| Goal of the exercise |
Give back exactly the lines of the material below, starting with the line with "RV rental: Plush" and going on through the line with "a man with white".

──────────────────────────────

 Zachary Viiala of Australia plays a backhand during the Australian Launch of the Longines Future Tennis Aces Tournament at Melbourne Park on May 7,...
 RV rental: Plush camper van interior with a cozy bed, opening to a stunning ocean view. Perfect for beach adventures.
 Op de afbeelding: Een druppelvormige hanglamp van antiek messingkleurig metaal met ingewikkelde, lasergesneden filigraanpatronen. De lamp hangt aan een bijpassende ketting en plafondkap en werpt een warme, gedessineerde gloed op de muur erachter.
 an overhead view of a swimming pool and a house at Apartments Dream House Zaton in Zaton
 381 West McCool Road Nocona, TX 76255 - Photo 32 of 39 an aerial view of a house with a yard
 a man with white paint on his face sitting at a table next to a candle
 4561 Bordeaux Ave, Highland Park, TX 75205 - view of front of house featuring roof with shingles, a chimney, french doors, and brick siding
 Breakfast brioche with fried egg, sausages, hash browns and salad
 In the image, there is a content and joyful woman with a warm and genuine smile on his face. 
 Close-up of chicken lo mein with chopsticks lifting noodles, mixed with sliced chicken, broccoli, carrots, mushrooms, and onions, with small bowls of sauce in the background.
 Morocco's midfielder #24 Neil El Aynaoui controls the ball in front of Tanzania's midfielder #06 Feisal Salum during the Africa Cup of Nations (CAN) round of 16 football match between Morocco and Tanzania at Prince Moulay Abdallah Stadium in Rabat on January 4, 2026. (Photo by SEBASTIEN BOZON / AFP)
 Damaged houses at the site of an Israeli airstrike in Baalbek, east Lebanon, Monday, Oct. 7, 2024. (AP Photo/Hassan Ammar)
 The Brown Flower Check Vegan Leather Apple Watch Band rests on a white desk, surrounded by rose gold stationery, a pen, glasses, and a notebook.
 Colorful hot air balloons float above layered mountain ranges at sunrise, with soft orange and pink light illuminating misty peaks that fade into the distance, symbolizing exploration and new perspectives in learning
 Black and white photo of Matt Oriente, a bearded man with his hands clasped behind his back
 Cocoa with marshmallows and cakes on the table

──────────────────────────────

| Answer space |
 RV rental: Plush camper van interior with a cozy bed, opening to a stunning ocean view. Perfect for beach adventures.
 Op de afbeelding: Een druppelvormige hanglamp van antiek messingkleurig metaal met ingewikkelde, lasergesneden filigraanpatronen. De lamp hangt aan een bijpassende ketting en plafondkap en werpt een warme, gedessineerde gloed op de muur erachter.
 an overhead view of a swimming pool and a house at Apartments Dream House Zaton in Zaton
 381 West McCool Road Nocona, TX 76255 - Photo 32 of 39 an aerial view of a house with a yard
 a man with white paint on his face sitting at a table next to a candle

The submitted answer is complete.